### Extracted entries ###

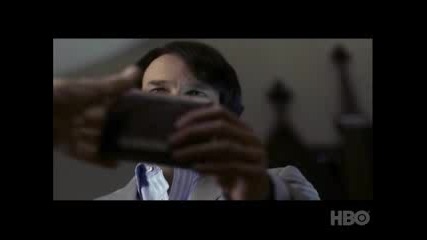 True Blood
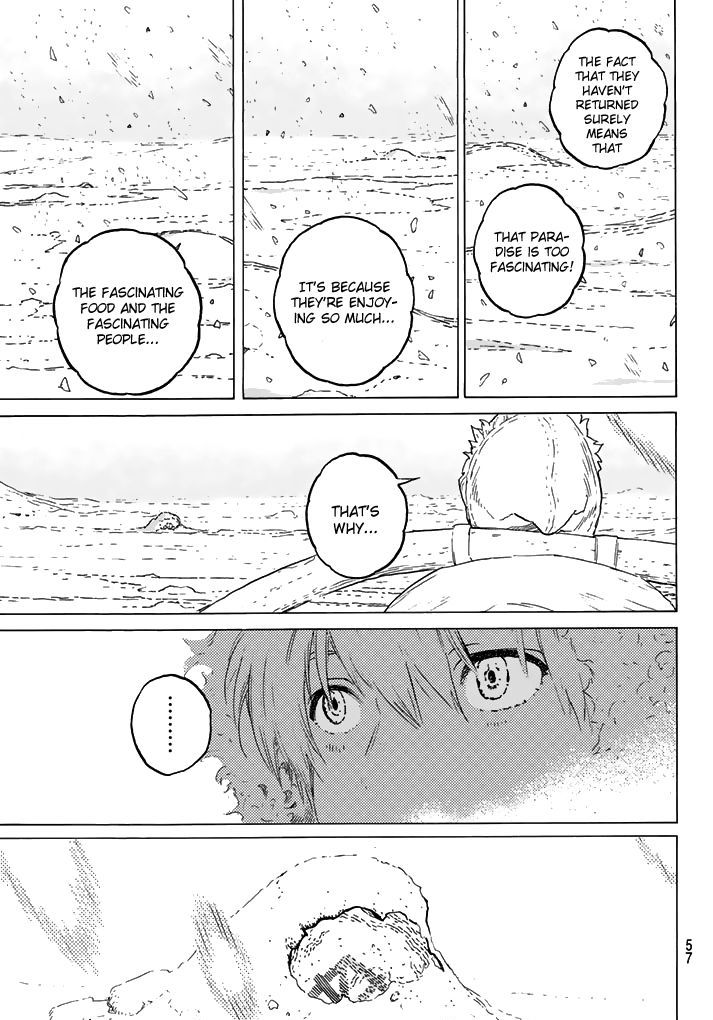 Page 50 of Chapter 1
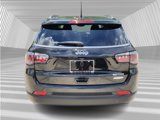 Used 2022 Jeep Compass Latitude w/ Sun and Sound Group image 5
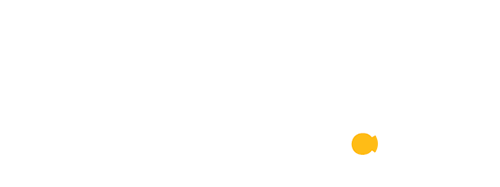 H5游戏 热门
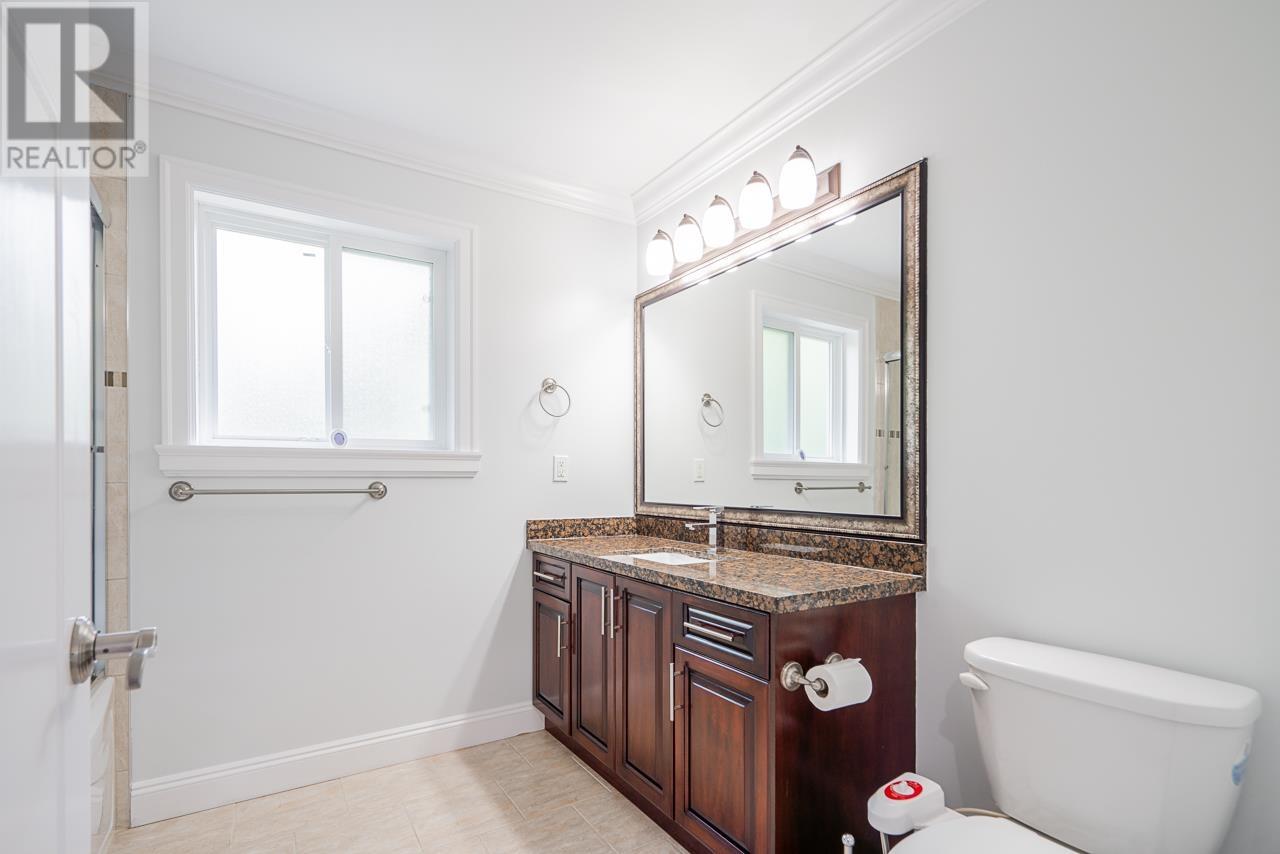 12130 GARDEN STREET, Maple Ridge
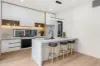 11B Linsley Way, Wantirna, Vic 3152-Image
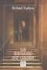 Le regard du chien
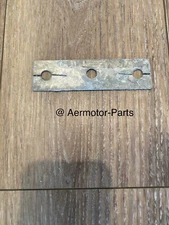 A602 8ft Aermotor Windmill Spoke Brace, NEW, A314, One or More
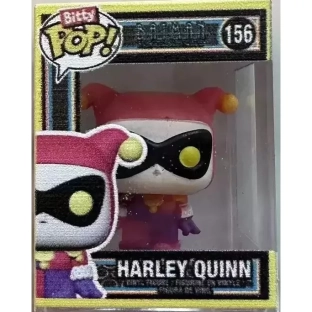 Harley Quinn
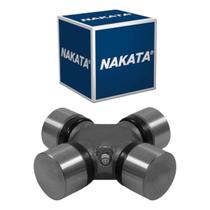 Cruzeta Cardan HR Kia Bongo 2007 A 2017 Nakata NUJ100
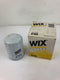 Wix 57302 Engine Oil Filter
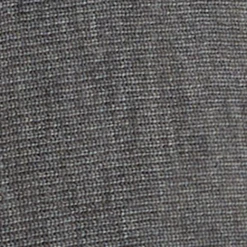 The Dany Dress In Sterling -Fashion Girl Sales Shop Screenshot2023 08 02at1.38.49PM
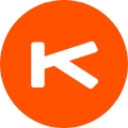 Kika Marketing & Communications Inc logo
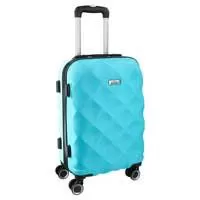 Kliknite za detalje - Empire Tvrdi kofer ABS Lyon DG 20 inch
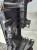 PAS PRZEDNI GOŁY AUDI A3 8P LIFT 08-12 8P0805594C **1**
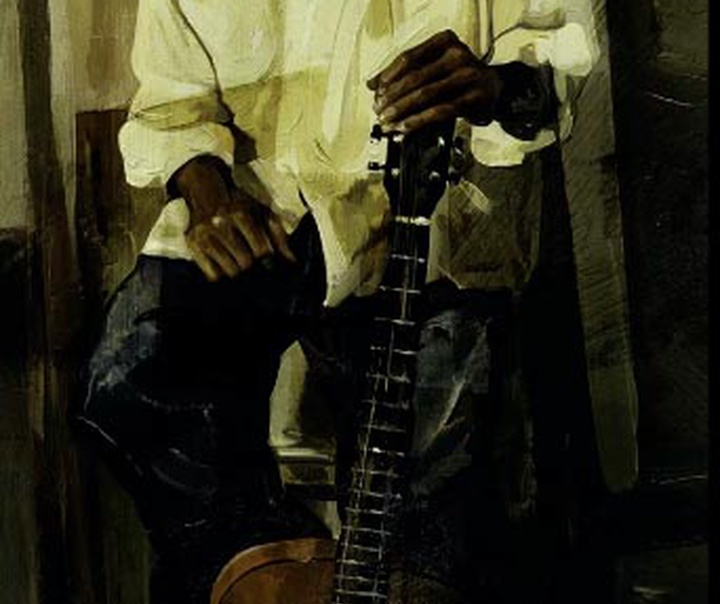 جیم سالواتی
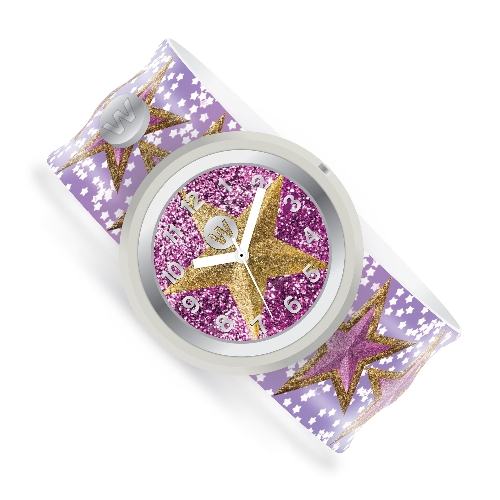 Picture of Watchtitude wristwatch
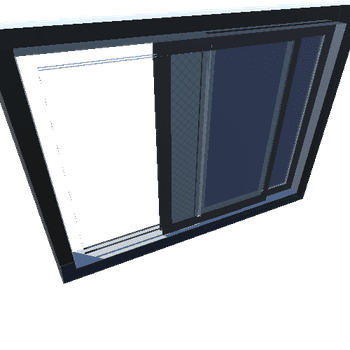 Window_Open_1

###

Assignment:
The required answer is every line from the one containing "Kliknite za detalje" through the last line of the entries, restated word for word and with no pictures.

Result of this task:
 Kliknite za detalje - Empire Tvrdi kofer ABS Lyon DG 20 inch
 PAS PRZEDNI GOŁY AUDI A3 8P LIFT 08-12 8P0805594C **1**
 جیم سالواتی
 Picture of Watchtitude wristwatch
 Window_Open_1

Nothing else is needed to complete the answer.